House asks Senate to OK reservist bill
Even as the Senate leadership is bugging the House for a new budget bill, it is the lower chamber’s turn this time to ask what the Senate’s waiting for before it acts on a bill that aims to benefit CNMI reservists on active duty.
“Since the bill [House Bill 14-218] was passed in the House last year…the Senate has so far taken no action, leaving our reservists and their dependents without the benefits proposed in our legislation. I therefore call on you, as the Senate leader, to please take action and urge your colleagues to pass this important legislation for the benefit of our reservists in harm’s way,” said Rep. Clyde Norita in a letter addressed to Senate President Joaquin G. Adriano on Tuesday.

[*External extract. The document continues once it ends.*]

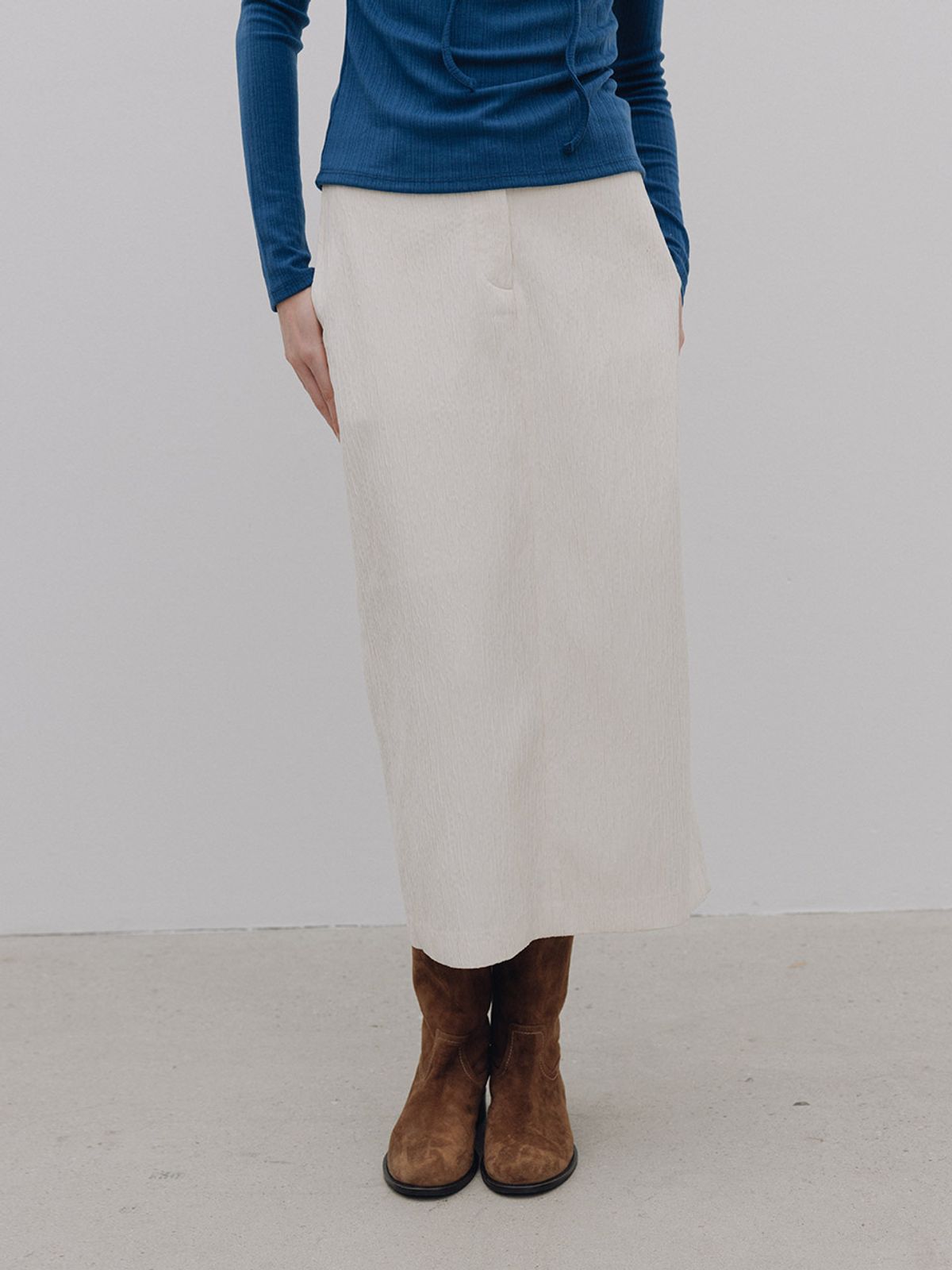 헌치(HUNCH) Linkle H-Line Classic Skirt (2color)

H.B. 14-218, introduced by Norita, will allow CNMI reservists in active duty to receive one-half of their salaries for one year after their military and annual leaves are exhausted. The bill covers both government and private sector-employed reservists.
The measure provides that the CNMI government shall pay one-half the salary of the employees/reservists, provided that they are on active duty for a continuous period of one year.
The private employers, meantime, have the option to pay one-half the salary of the employees/reservists once their military or accrued vacation leave are exhausted “in lieu of the payment of the employers’ business gross receipts tax.”
It further provides that the waived BGRT payment shall not exceed 50 percent of the payment made to the affected employees as an offset.
The bill was co-sponsored by Reps. Jesus SN. Lizama, Crispin Ogo, and Ray Yumul, who is himself a member of a deployed unit.
The CNMI reservists currently in Iraq belong to the 100th Battalion, 442nd Infantry Division of the U.S. Armed Forces.